Jury pay may decrease after today - KLTV.com - Tyler, Longview, Jacksonville |ETX News

Jury pay may decrease after today

By Lauren Callahan

SMITH COUNTY, TX (KLTV) - The next time you get called for jury duty, you may walk away with less money.

As part of the statewide budget bill the Texas Legislature approved last spring, the daily pay rate the state offers jurors is being decreased.

Governor Perry signed that bill into law in June, and the part that concerns juror pay went into effect today.   

In Smith County, jurors will now make $28 per day for the second day and every one thereafter—the minimum amount that each county is reimbursed per juror—instead of $40 per day.

"We'll still be paying the $6 a day for the first day [of service]," said Karen Hisel, Chief Deputy of the Smith County District Clerk's Office.

Until today, the state paid each county $34 per juror per day. Each county's commissioner's court then decided how much money it would pay jurors above $34.

The new law allows counties to opt out of paying jurors more than the minimum amount per day.

Many East Texans were upset about the changes.

"Honestly it sucks," said Jonathan Montgomery. "I mean, most people's jobs don't pay them when you're on jury duty because that's what the city is paying you for."

And others said they didn't know how they would make ends meet if they were called to a jury for days or even weeks on end.

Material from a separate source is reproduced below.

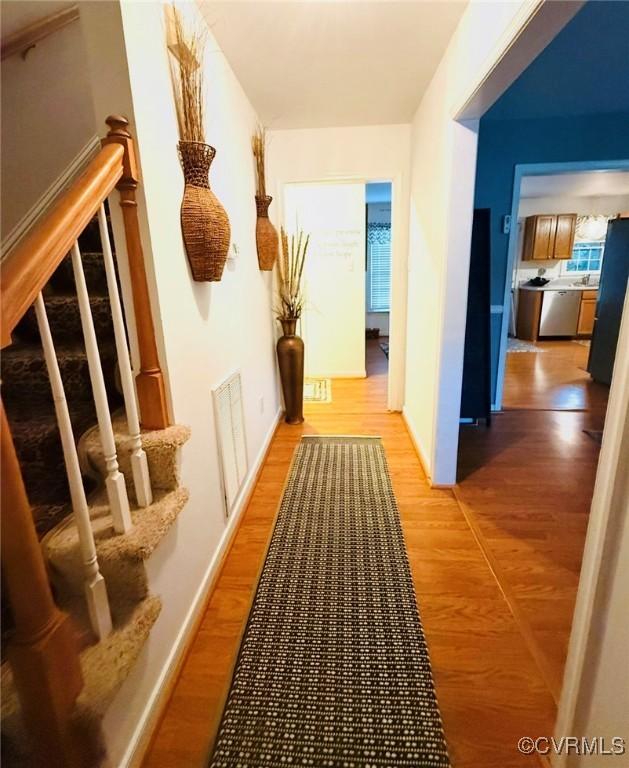 7016 Narragansett Ct, Hanover, VA 23111 - hallway with stairs and light wood finished floors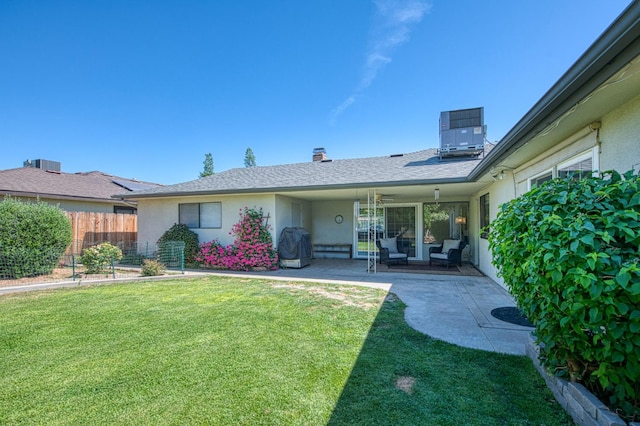 926 E Birch Ave, Fresno, CA 93720 - rear view of property featuring stucco siding, central AC unit, a patio, and a chimney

"Do I have money for parking, do I have money for the gas? How long am I going to be out for the day? Is that more money for daycare?  I doubt that that's really going to cover the whole day's expenses," said Sandy Ray, who works in Tyler.

The state comptroller's office will be monitoring the state's financial situation and may increase the state's daily rate if it improves.

The amount jurors are paid is still determined by each county's commissioner's courts.

For example, jurors who serve in Gregg, Henderson, Cherokee and Henderson counties will still be paid $40 on the second day or after, at least for the time being.